This is not an effort currently in progress. It would likely take many man-months of dedicated effort to port to Haiku. It is a lot of work.

GoBe Productive 2.1 on the other hand still works well on Haiku.

The trial version or the full version? Because I have the full version (on disc) and cannot get the installer to run IIRC.

The installer won’t run because haiku cannot access the data parition on the cd. I installed the full version by installing it in BeOS ten copying the directory to my haiku partition…

The installer for Productive 2.1 is broken on Haiku, but the software works pretty well. Need a fix for this.

What news about “Gobe Productive”?

If you have a legal copy lying around somewhere (which you can still get from eBay or Amazon) then you can install a patched version from my repo: http://clasquin-johnson.co.za/michel/haiku/blog/get-productive-already.html. This is not a long-term solution: it is a service to people who have a CD of Gobe Productive lying around in a drawer and no way to install it. You will be asked to click through a EULA-type alert on installation to give me some legal cover.

However, is there any chance that “Gobe Productive” will become open source software?
Such talk was.

This applies only to first-class states (countries) and their representatives in others.

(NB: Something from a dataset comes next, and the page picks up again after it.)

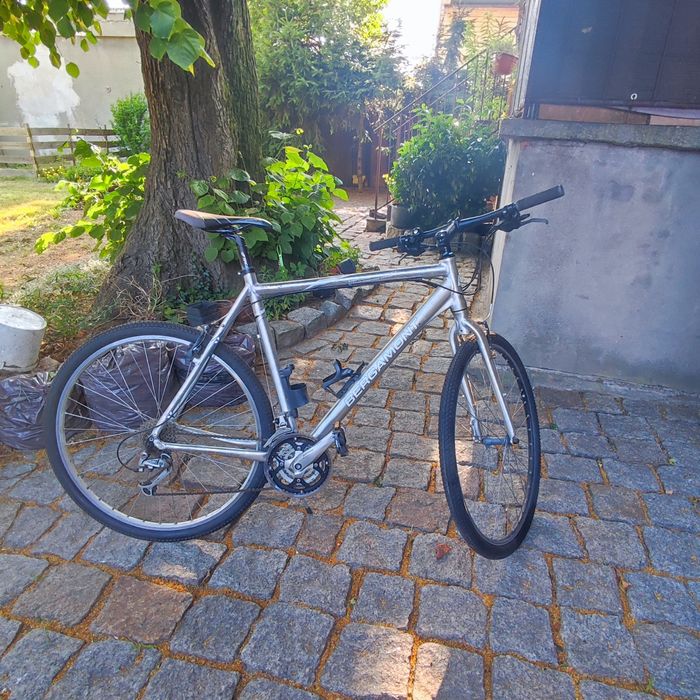 Rower Bergamont Beluga Sport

IIRC, GoBe offered to share the source under NDA with a developer, if someone was willing to clean it up from 3rd party code. Then, they could consider open sourcing it.
However, that code was from the latest version, ported to Windows, and was not this helpful in getting it to run on Haiku anyway. So, nothing happened.

What about older code?
No chance?
Maybe they do not have it?

That’s why proprietary software will die out with time.
And will remain only Linux, BSD and Haiku.
… and FreeDos.

GoBe ported their release 3.x to Windows as well as Linux.

The ported code is likely to be somewhat a mess. However, it the port was performed by “warping” the BeOS APIs into Windows (or Linux) ones, then it might still be possible to “unwarp” it.

If the offer from Gobe still stands, I am volunteering to i) identify the third party code and establishing its functional specifications so that it could be independently recreated, and ii) identify the unwarping which would have to be performed.

I can read, but not create, C/C++ code.

The past 3.0 Code, from what i understand, was step buy step replaced with non BeOS code. So No its not so easy. It was the biggest app ever written for BeOS. I think i remember the quote that they estimated: it would cost around 8/9 month of a skilled fulltime c++ developer to sort this things out.

The situation is rather unfortunate as Productive was initially designed around the unique BeOS API and capabilities which lead to a rather unique user experience.

Another route would be to take the old 2.x BeOS based code, if it still exists, and bring it up to Haiku.

Creating a similar application from the ground up using Productive as inspiration for the user interface may be the only feasible route at this time.